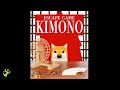 Escape game kimono  full walkthrough with solutions tristore  library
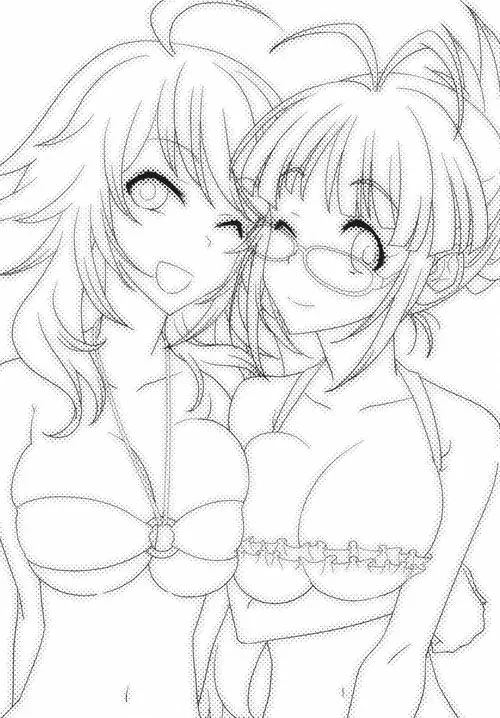 The Idolmaster. Pai Pressure глава 1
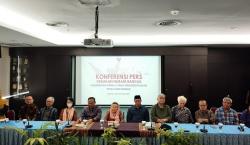 GNB Soroti Pernyataan Jokowi soal Kampanye, Dorong Pemilu 2024 Berlandaskan Etika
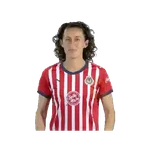 Chivas ⚽✨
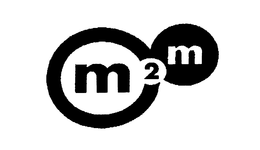 M2M trademark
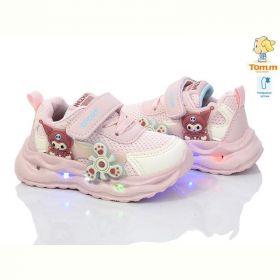 Кроссовки Tom.M 51014A LED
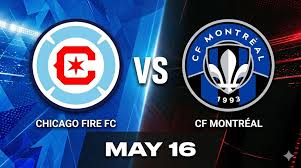 Fire FC vs Montreal Prediction Game Today May 16: Hugo Cuypers' Golden Boot Chase Continues!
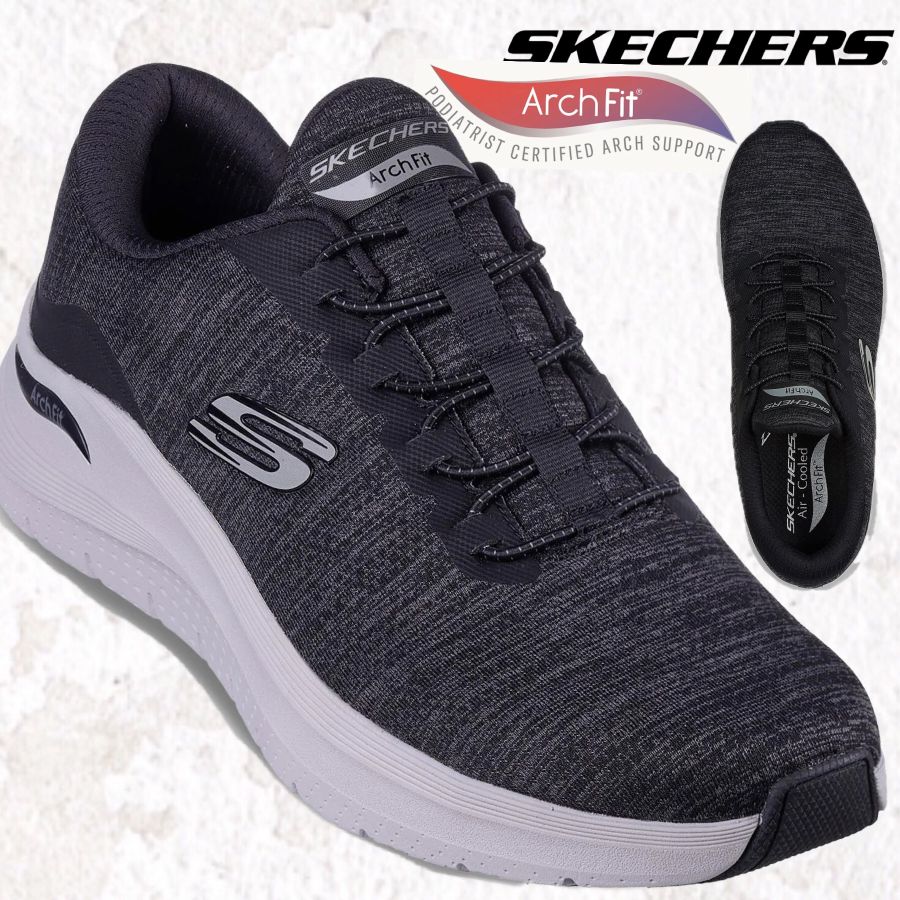 Skechers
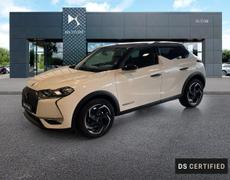 DS DS3 Crossback Saint-Doulchard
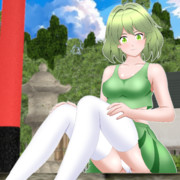 [東方] 軽装山城たかね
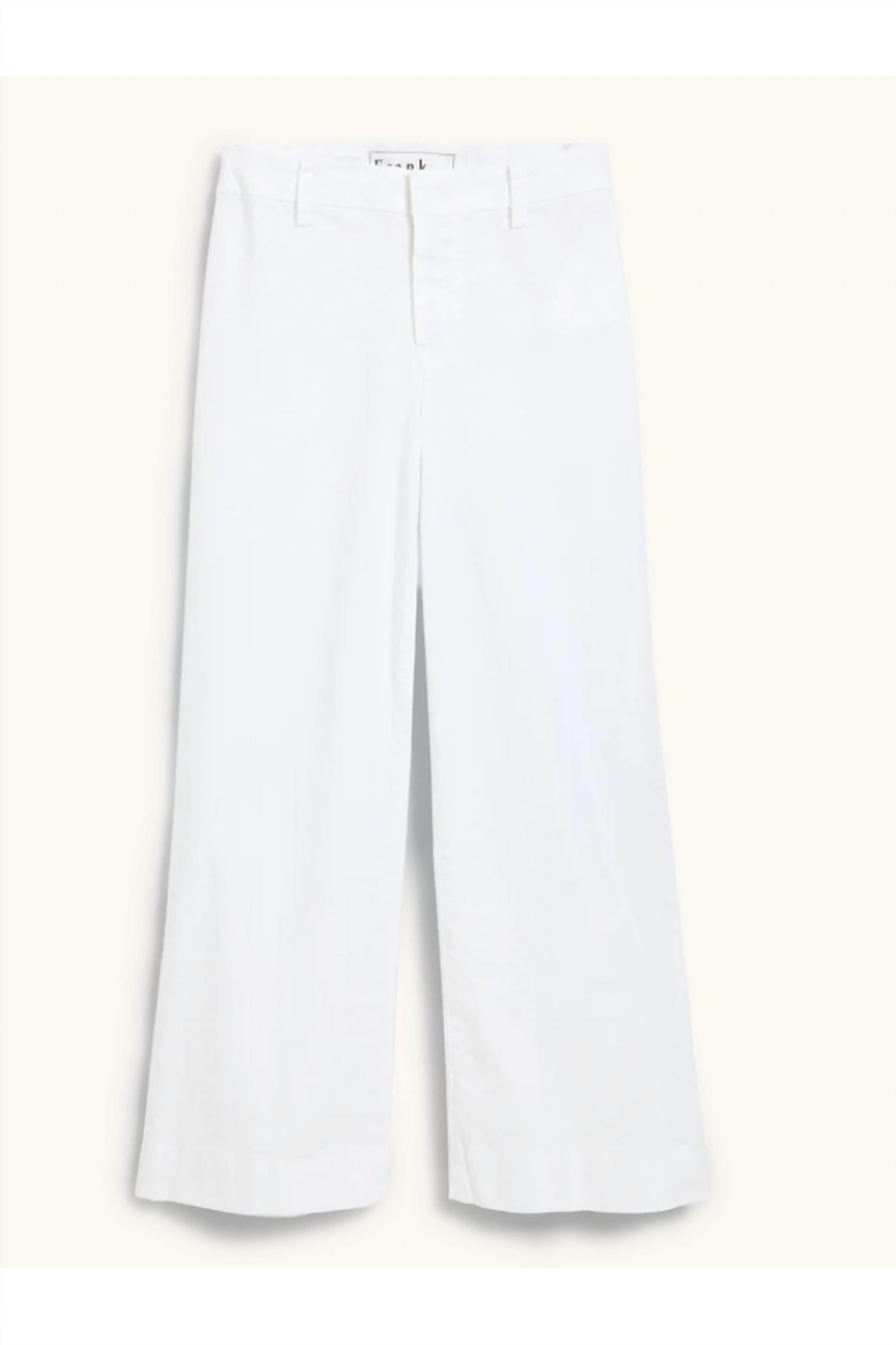 Frank & Eileen - WEXFORD PANT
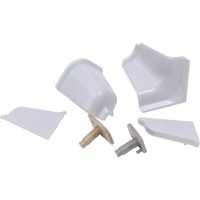 Комплект аксессуаров к LB 37 KORNER 20-37-9-210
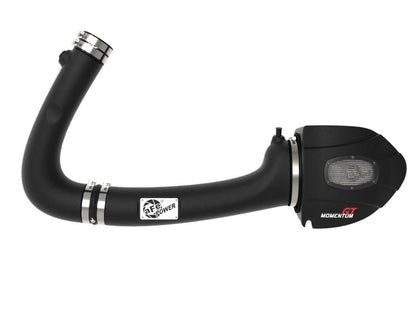 aFe Momentum GT Dry S Stage-2 Intake System 11-15 Dodge Challenger/Charger V6-3.6L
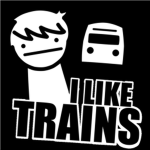i like trains asdf movies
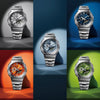 Casio G-SHOCK GM-2110D-2BDR - G1614 - KRISHNA WATCH COMPANY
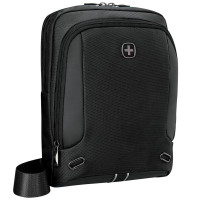 Сумка через плече Wenger XE Crossbody, з відсіком для планшету 11 Сумка через плече Wenger XE Crossbody, з відсіком для планшету 11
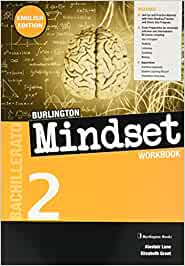 MINDSET 2 BACH EJER ENG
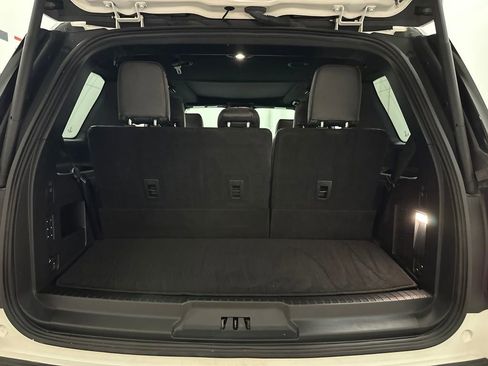 Used 2020 Ford Expedition King Ranch AWD/4WD image 53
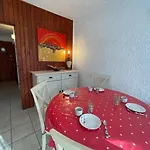 4 Couchages Ar490-022 Apartmán *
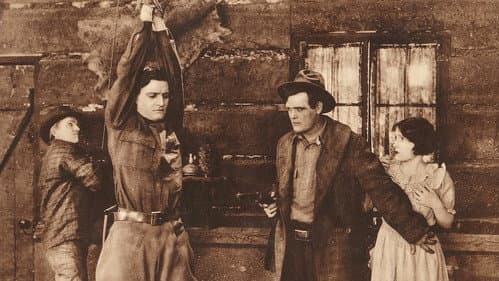 Eyes of the Forest Bild 1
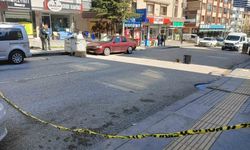 Damat kayınpederini vurdu, oğlu eniştesini bıçakladı: 2 yaralı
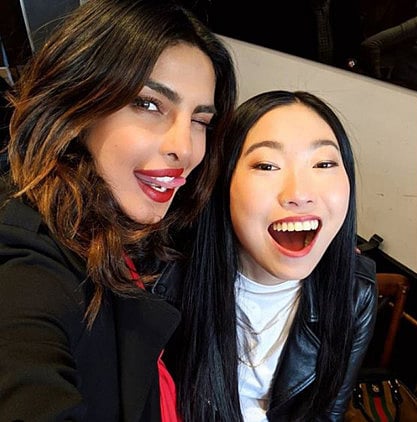 Priyanka Chopra’s new YouTube special launches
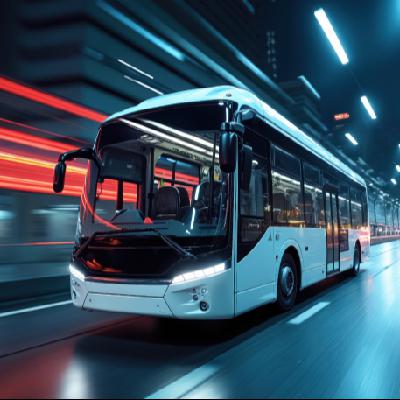Evaluating Growth Opportunities for Operators in the Transit and Coach Bus Industry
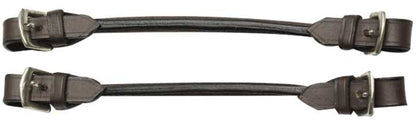 Aintree Leather Pelham Roundings - 2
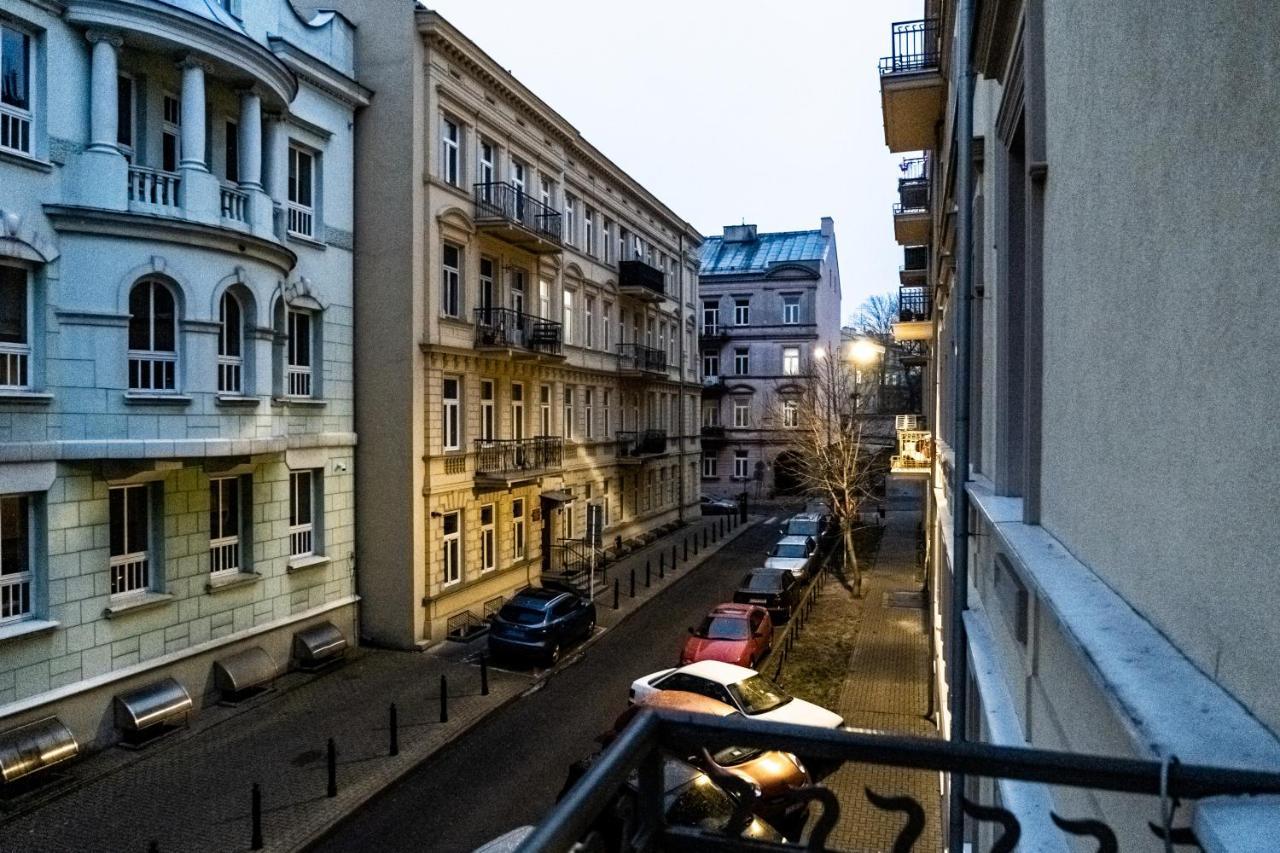 City Center Lublin Ngoại thất bức ảnh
****
WORK TO COMPLETE - Please write out, word for word, only the lines from the one holding "Priyanka Chopra’s new" through the end of the records above, with both end lines included and the pictures dropped.

ANSWER -
 Priyanka Chopra’s new YouTube special launches
Evaluating Growth Opportunities for Operators in the Transit and Coach Bus Industry
 Aintree Leather Pelham Roundings - 2
 City Center Lublin Ngoại thất bức ảnh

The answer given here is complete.